In the January issue of the SMI newsletter, we ran an article that recommended taking a “fiscal health day.” The idea is to take a day off from work to catch up on your financial chores and tackle all of those money-related to-do items that have been piling up.

One of the recommended items was to fill out a “here’s-what you-need-to-know-about-our-finances-if-I-die” form. Since the article was published, we’ve received many e-mails from people who wanted to know where they can find such a form.

Unfortunately, we don’t have a ready-made form designed for that purpose. And even referring to it as a form is a bit of a misnomer. It’s about organizing your financial life so that your spouse could take care of your household’s financial affairs if you were no longer around.  

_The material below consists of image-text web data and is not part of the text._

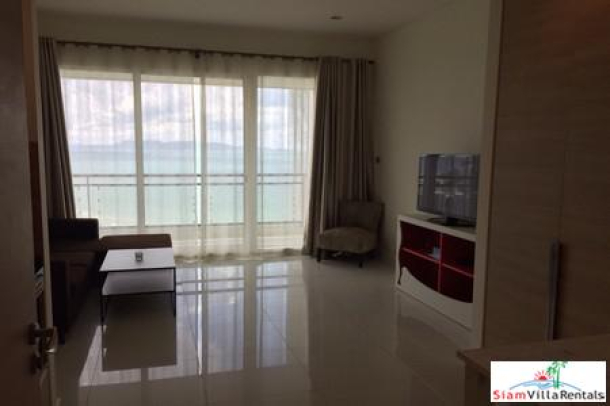 Super Luxury Absolute Beachfron  1 Bedroom Condominium in Pattaya-8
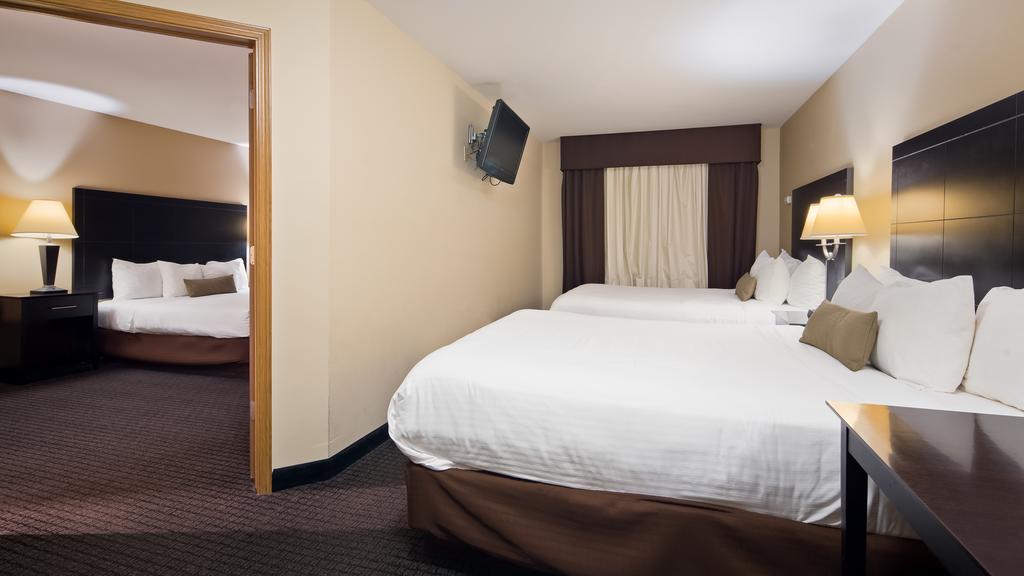 Two-Bedroom Suite
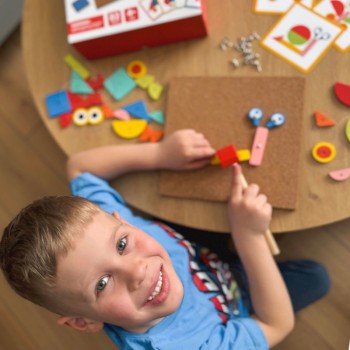 ATTĪSTOŠA SPĒLE AR NAGLIŅĀM UN ĀMURU - WOOPIE GREEN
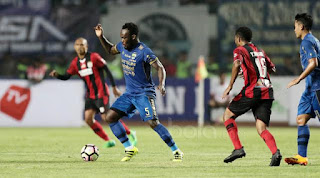 Siaran Langsung Live Streaming Persipura vs Persib Bandung 28 Agustus 2017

While we don’t have a form you can just print and fill out, we can point you to some resources that will help guide you in this process.

Recommended Resources

First, go through the Set Your House in Order small group study, which is available from the ministry of Compass—Finances God’s Way. I highly recommend it.

The study walks you through the process of making sure you have the proper estate planning and other essential documents in place and then making sure your financial life is well organized and accessible to your spouse. But it’s more than that. It’s a Bible study that helps you take a more fully biblical approach to managing money and then leads you through the process setting your house in order.

Second, to make sure you’ve covered everything, you may also want to get a copy of the My Family Record Book. It’s an exhaustive reference to all of the many items to think about organizing for the benefit of your surviving spouse. It’s so detailed that you may find yourself thinking it goes too far, but I found it to be a helpful added resource.

Here’s at least a partial list of the documents or information to gather in one place:

  • Wills, trust, power-of-attorney documents, living will
  • Bank/credit union accounts
  • Investment accounts
  • Life insurance policies
  • Other insurance policies
  • Home and vehicle titles
  • Ministry and other charitable organizations you support
  • Bills
  • Safe deposit box (where is it, what’s in it, and where is the key?)
  • Social Security (login information and most recent estimated benefits)
  • Name and contact info for any financial professionals you work with (financial advisor, lawyer, accountant)
  • Name and contact info for medical professionals (doctor, dentist).
  • Master list of user names and passwords for online accounts
  • Name and contact info for trusted service providers (plumber, electrician, heating/air conditioning company, handyman, painter, lawn care company, mechanic)
  • Funeral wishes

Helpful added information

My wife and I now have file folders containing information about all of the above that pertain to us. In addition, I’m in the process of adding summary sheets to each folder. For example, in the life insurance folder, there will be a list of policies, policy numbers, death benefits, expiration dates (for term policies), beneficiaries, and even recommendations for investing the proceeds.

For bills, I’m listing those that need to be paid each month, as well as those that are due at other intervals, due dates, and how they are paid (automatically, online).

With the list of service providers, I’m including notes about how often to have various items maintained.

Just going through this process will likely spur you to take other action, such as making sure your beneficiary designations are as they should be, consolidating some accounts, and reviewing your insurance coverage.

To some degree, this is a project that will always be in process. Information will need to be updated anytime you open or close an account.

What else have you done to prepare your spouse to handle your household’s finances after your death?